▸ **WHAT TO DO**
Leaving out the pictures, return word for word the stretch of entries below from the line holding "Schloss Nymphenburg von" through the line holding "2022 Chevrolet Silverado 1500 RST photo 4".

-------- ENTRIES PROVIDED --------

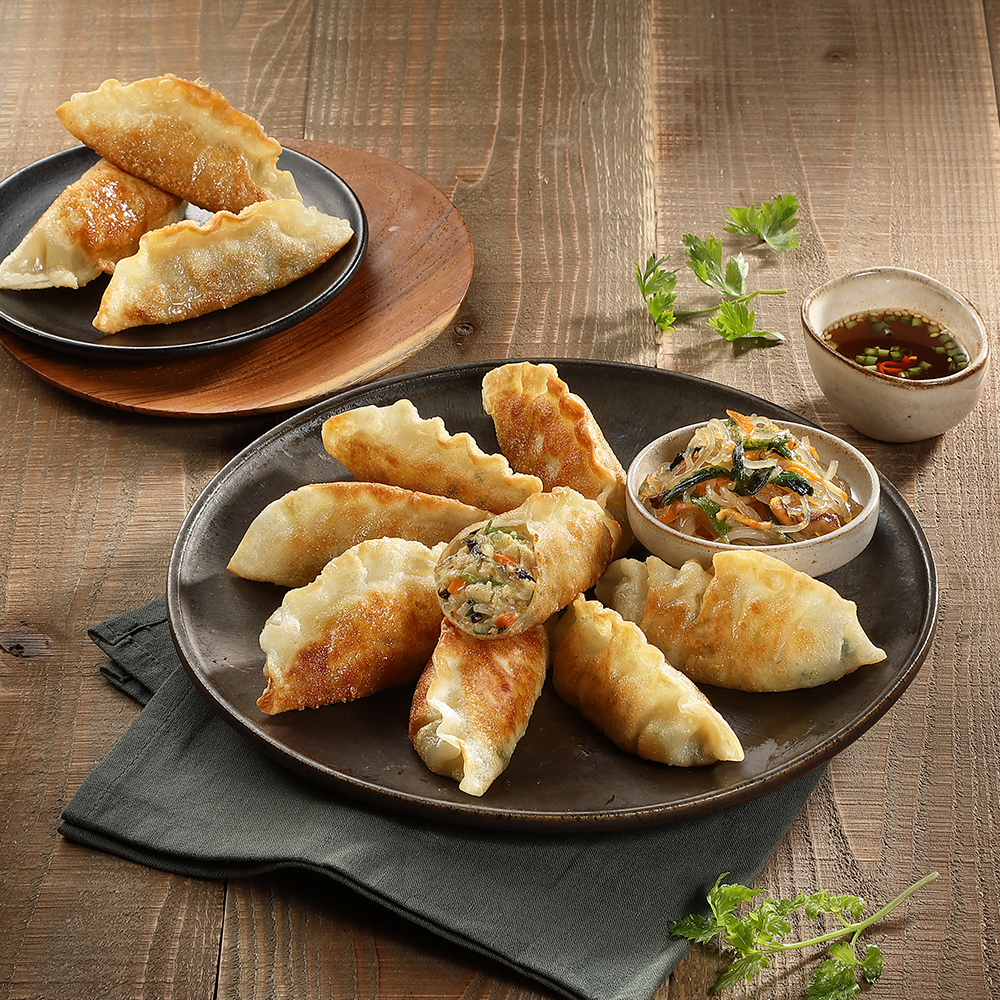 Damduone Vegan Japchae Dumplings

--------
-------- ENTRIES PROVIDED --------

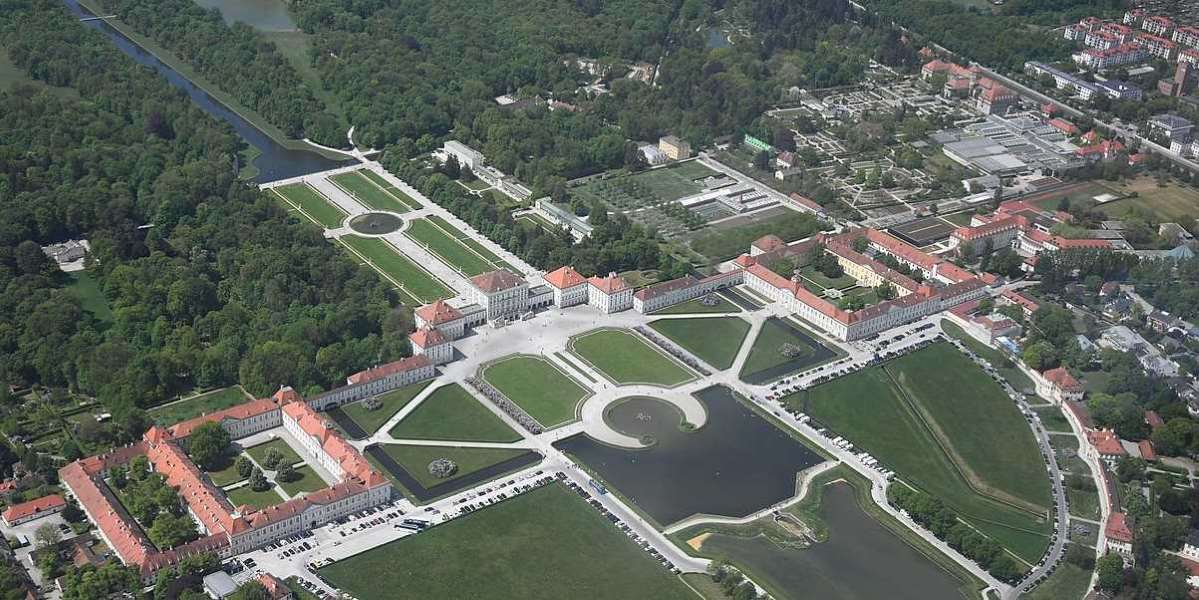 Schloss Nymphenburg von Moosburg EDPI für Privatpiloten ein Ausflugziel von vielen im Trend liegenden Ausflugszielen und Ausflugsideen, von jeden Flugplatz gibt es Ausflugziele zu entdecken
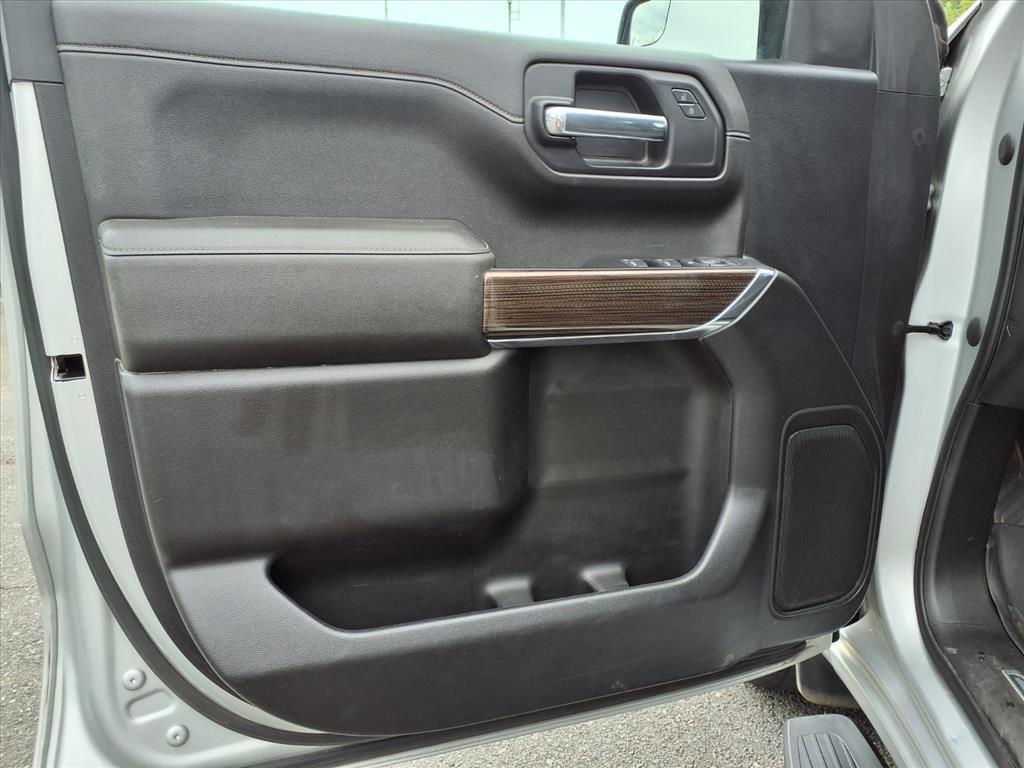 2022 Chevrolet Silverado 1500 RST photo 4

--------

▸ **TASK OUTPUT**
 Schloss Nymphenburg von Moosburg EDPI für Privatpiloten ein Ausflugziel von vielen im Trend liegenden Ausflugszielen und Ausflugsideen, von jeden Flugplatz gibt es Ausflugziele zu entdecken
 2022 Chevrolet Silverado 1500 RST photo 4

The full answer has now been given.